In the past printers and ink cartridges have delivered nearly 60% of Hewlett Packard’s operating profit, but recently the Company has fallen on hard times with sales falling 21% this year, to $US11.9 billion.
HP isn’t alone in losing out to counterfeit ink. The entire industry missed out on an estimated $3 billion in sales last year to counterfeits, according to the technology research Company IDC, who claim that counterfeit ink cartridges has become a growth business in part because of the business models adopted by printer manufacturers who sell printers on the cheap and make virtually all their profits on ink and other supplies.
The cost of “good” replacement ink is not cheap with a litre costing around $2,300 claims HP.
The problem for printer manufacturers is that consumers are printing less. IDC predicts the number of printed pages will decline for the first time this year, to 1.47 trillion pages, from 1.5 trillion in 2008.
Manufacturers claim that one in 20 ink cartridges sold around the world are fake now manufacturers such as Samsung, Canon, HP, Lexmark and Brother are investing millions into trying to catch the counterfeit operators.
Using teams of private detectives and the resources of forensic laboratories, the manufacturers are now gathering evidence that will be taken to law enforcement bodies in an effort to obtain convictions and more importantly the seizure of the equipment used to manufacture the fake cartridges. “Stemming the flow of counterfeits has become an absolute priority,” says IDC analyst Jake Wang.
Australia is not immune, claims operators from HP’s Anti-Counterfeiting Force which is based in Singapore.
Peter Hunt, the group’s director believes that the origin of the fake ink cartridges is China, where it believes 80% of counterfeit ink originates.
According to Businessweek, HP scored its biggest anti-piracy success in May 2007 in Foshan City, China. After tracking illicit supplies for more than six months, the company worked with Chinese police to raid 14 warehouses, seizing $88 million in equipment, supplies, and packaging materials from a variety of manufacturers. Two men were convicted this year and sent to jail.
A key element of the fake cartridge operation, claims Hunt, is that the illegal operators sell cartridges at only a fraction of the usual cost.

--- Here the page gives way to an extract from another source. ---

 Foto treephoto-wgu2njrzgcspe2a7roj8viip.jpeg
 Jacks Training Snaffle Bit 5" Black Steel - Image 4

This delivers a higher margin for retailers while making it harder to track down a fake operator.
In Australia investigators are targeting online retailers who are selling ink cartridges after the International Chamber of Commerce estimated that online operators are responsible for the sale of “a great deal of the counterfeit products being made today”.
Ink is big business and significantly more profitable than the sale of a TVs or games consoles. Last year the worldwide ink market was worth $45 billion up from $11 billion ten years ago. In the first quarter of 2009 printer sales grew by 12%.